For movie buffs, the month of October means one thing: 31 days of horror movies. With tons of horror flicks to choose from, The Daily Texan is going to be providing a daily horror recommendation. Whether you prefer ghosts, zombies or stark explorations of the human condition, we’ll be featuring horror films of all flavors. Check back every evening for the movie of the day. Today, we're getting frosty with John Carpenter's "The Thing."
I used to hate horror movies. After I saw "Scream" in theaters at age four I had perpetual nightmares of Ghostface stabbing me to death in an abandoned house. I think it was seeing the original "The Evil Dead," with all its low-budget ridiculousness, that converted me into a fan of the genre. Once I realized how farfetched these movies can be, I found myself more afraid of movies with a lower production value and without a central, exaggerated embodiment of evil that the director points at and says "Be afraid of this!"
1982’s “The Thing” by John Carpenter is definitely my favorite horror movie. One night in high school, I was trash talking Kurt Russell’s acting abilities and some of my older friends said I was ignorant of his performance in “The Thing.” Their Russell advocacy prompted me to watch the movie later on, and I was convinced that I had misspoke.

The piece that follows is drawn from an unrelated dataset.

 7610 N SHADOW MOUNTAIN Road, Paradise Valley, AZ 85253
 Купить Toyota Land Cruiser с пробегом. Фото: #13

Russell plays a helicopter pilot, CJ MacReady, working for a research team in Antarctica. The movie begins with a Norwegian helicopter pursuing and shooting at a helpless looking dog before crashing and burning. The scientists travel to the Norwegian station and find it completely destroyed. It soon becomes apparent that a shape-shifting alien has infiltrated the base and morphed into a crew member. MacReady spends the movie investigating his peers while one by one they are killed off.
The appeal of the movie to me is the heavy use of suspense and the subtlety of the villain. The viewer never actually sees the alien until almost three-fourths of the way into the film- in fact, you don't even know who it is. “The Thing” is a classic, plot-driven whodunit but set in Antarctica, adding to the isolationism felt in the film. The character building is fascinating, as are the trust issues between everyone. Interestingly, the alien invader causes the men to examine their own humanity, ethics and behavior. Should they act spitefully towards each other in the face of death or altruistically?
The only bad part of the movie is that it’s a huge sausage fest and there’s no hot chicks to ease the tension.